Film: Maria Full of Grace
Format: DVD from NetFlix on rockin’ flatscreen.

I’m incredibly busy with work right now, so when Maria Full of Grace showed up from NetFlix, I was stressed. I don’t really have time for a subtitled film right now. However, if you don’t watch the NetFlix films you get, the account is pretty much a waste of money. So I worked as much as I could today to have the time I needed to watch this. Given that I put well over 100 grades in my gradebook today to make the time, I hoped it was worth it.

Good thing it is. Maria Full of Grace, for a film that takes place in bright sunlight, is a dark and disturbing tale about hope, fear, and the drug trade in Colombia. The Maria of the title is Maria Alvarez (Catalina Sandino Moreno), a 17-year-old Colombian girl who works on a plantation stripping the thorns off roses. She also happens to be pregnant by her boyfriend, who offers to marry her when he finds out. Maria declines the offer, realizing that she doesn’t love him and he doesn’t love her. When her morning sickness gets in the way of her job, she quits, despite being one of the few people supporting her family, especially her unemployed, single-mother sister.

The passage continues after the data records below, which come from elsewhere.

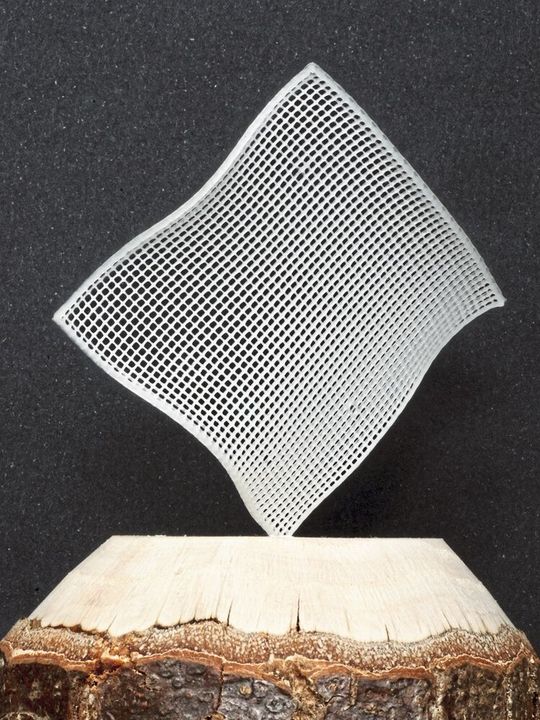 Filigranes Gitter. Filigranes Gitter.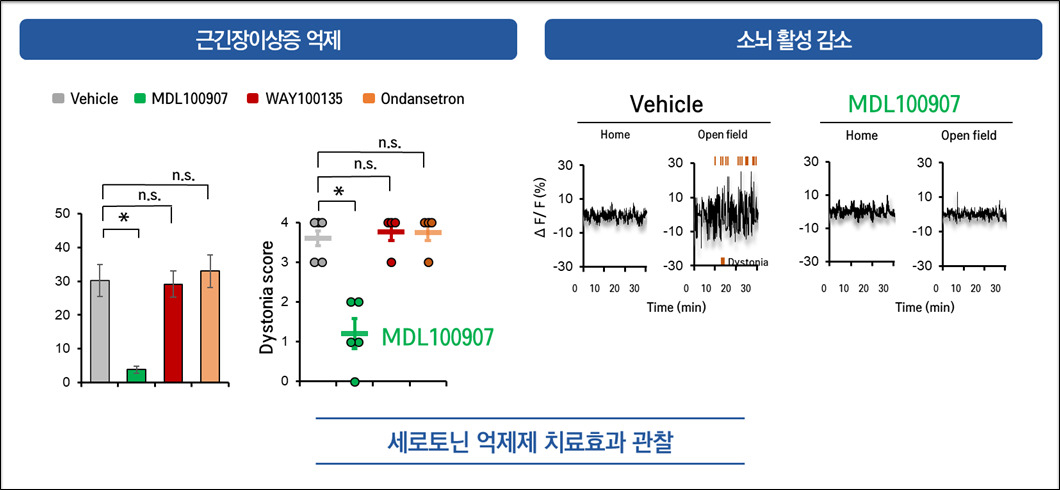 근긴장이상증 신약 효능검사결과. 세로토닌 수용체 억제제인 MDL10090을 처리한 결과 스트레스성 근긴장이상증을 보이는 동물에서 현저한 치료효과가 입증되었다. 또한 MDL100907 는 근긴장이상증을 유발하는 소뇌신경의 흥분을 억제한다. [KAIST 제공]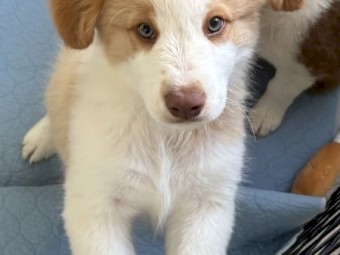2 x Male Purebred Border Collie Pups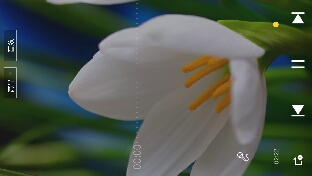 对所有的到来说是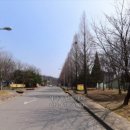 까치울마을1단지주차장 이미지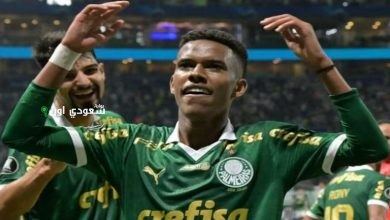 البرازيلي إستيفاو
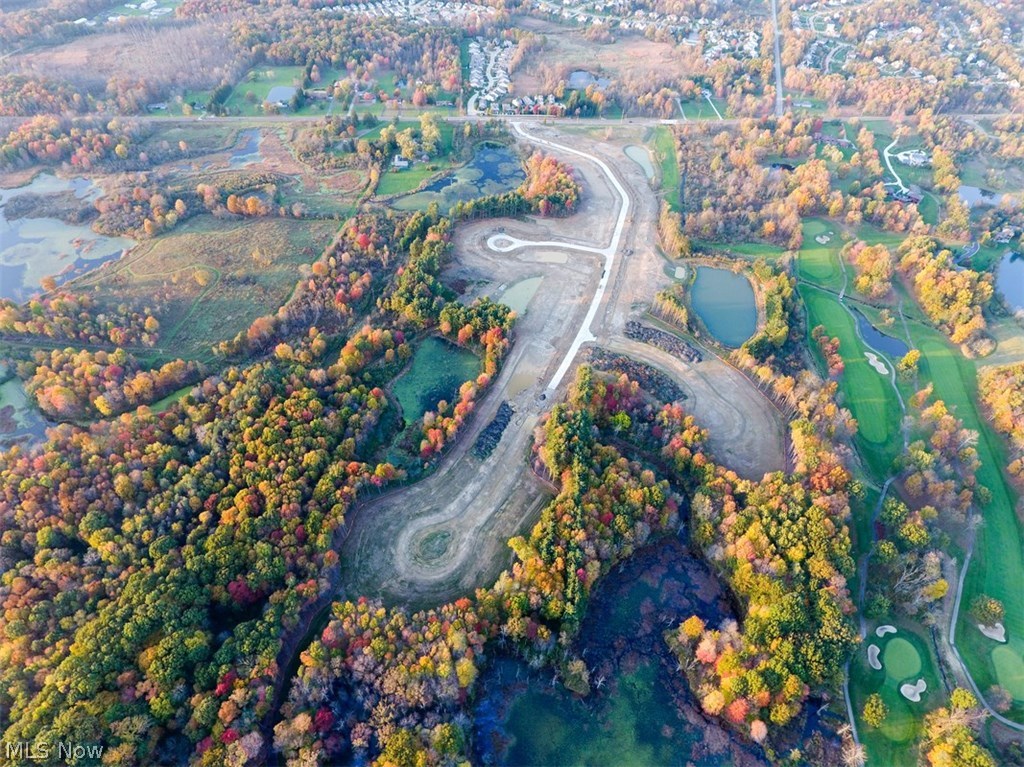Forest Ridge Preserve - Residential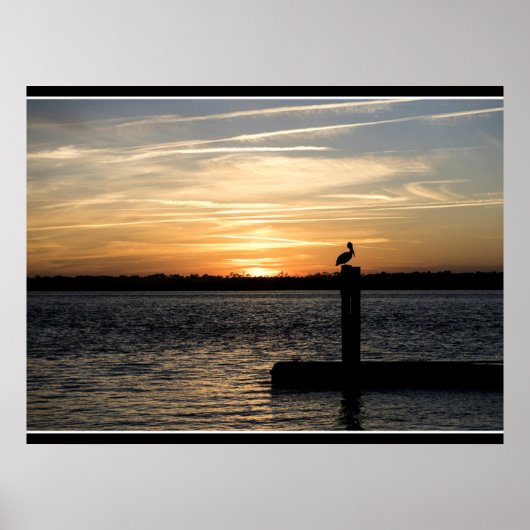Florida zonsondergang met pelikaan poster (Voorkant)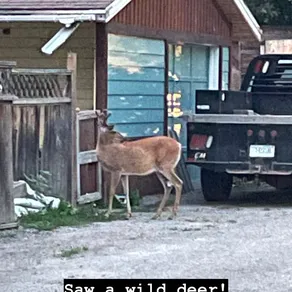 Saw a wild deer!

Things change for Maria when she meets Franklin (John Alex Toro), who arranges for Maria to work as a drug mule. Her job is to swallow condom-wrapped pellets of heroin and fly them into New Jersey. Another mule named Lucy Diaz (Guilied Lopez) teaches her how to swallow the capsules. Eventually, Maria learns how to do it and ingests 62 of them before her flight. Her hope is to earn a substantial amount of money on the trip. She’s far less pleased when she discovers that her friend from the plantation, Blanca (Yenny Paola Vega) has also agreed to work as a mule and will be going on the trip with her.

Maria, Blanca, Lucy, and an unnamed fourth woman fly off to New York. Lucy starts to feel ill on the flight. Once on the ground, Lucy is detained by customs, who suspect her of having swallowed drugs, but she is eventually let through when they cannot x-ray her because of her pregnancy, while the fourth woman is found out and busted. The three remaining drug mules are taken to a motel where they wait to pass the drugs and collect their money. However, it soon becomes evident that one of the capsules has opened in Lucy’s stomach. When Maria wakes up to see Lucy’s body being carried from the room and the bathroom covered in blood, she becomes convinced that her keepers have killed Lucy to get at the drugs. She convinces Blanca to escape with her so that they don’t suffer the same fate.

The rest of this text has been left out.